» WORK TO BE COMPLETED
Pictures are to be left out; otherwise, copy exactly the lines from the line containing "Usata Opel Grandland" through the end of the data.
____ INFORMATION SUPPLIED
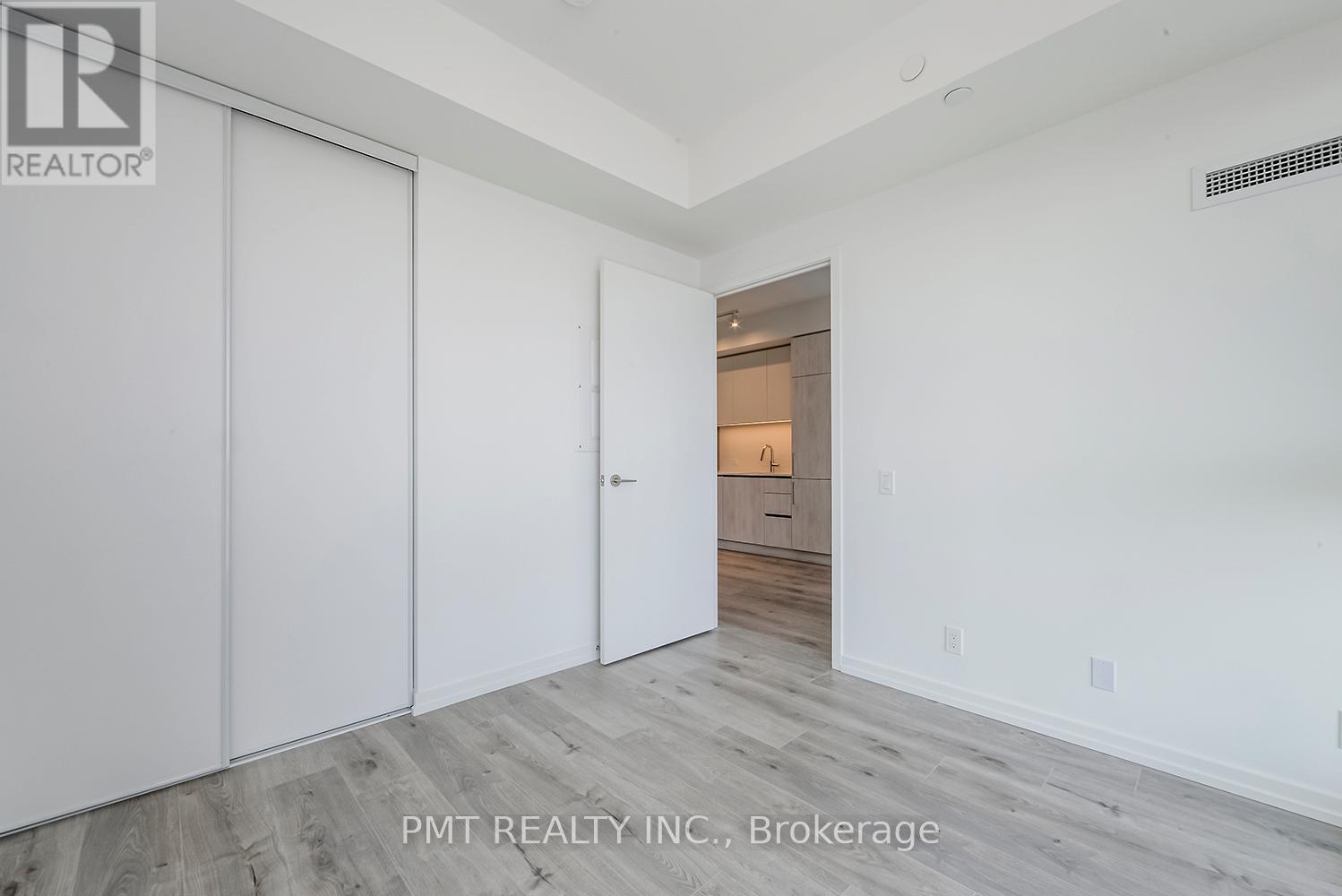 2711 - 7890 Jane Street, Vaughan, ON - Indoor Photo Showing Other Room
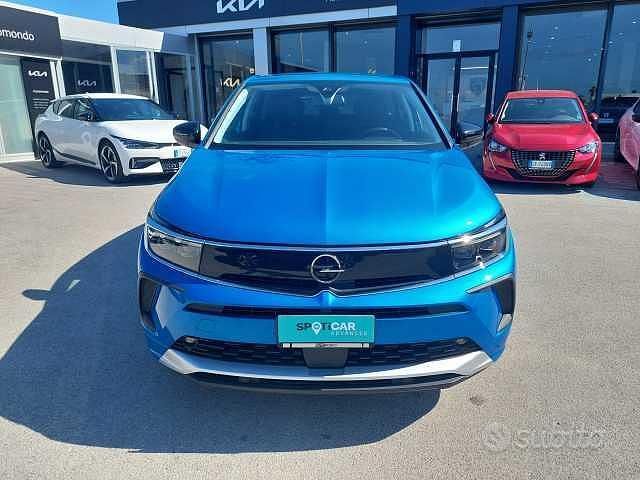 Usata Opel Grandland X Business Elegance 131 CV (96 kW) 2022 Blu SUV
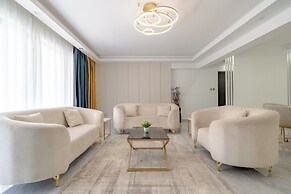 Royal Oaks Residency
________
» WRITTEN ANSWER
 Usata Opel Grandland X Business Elegance 131 CV (96 kW) 2022 Blu SUV
 Royal Oaks Residency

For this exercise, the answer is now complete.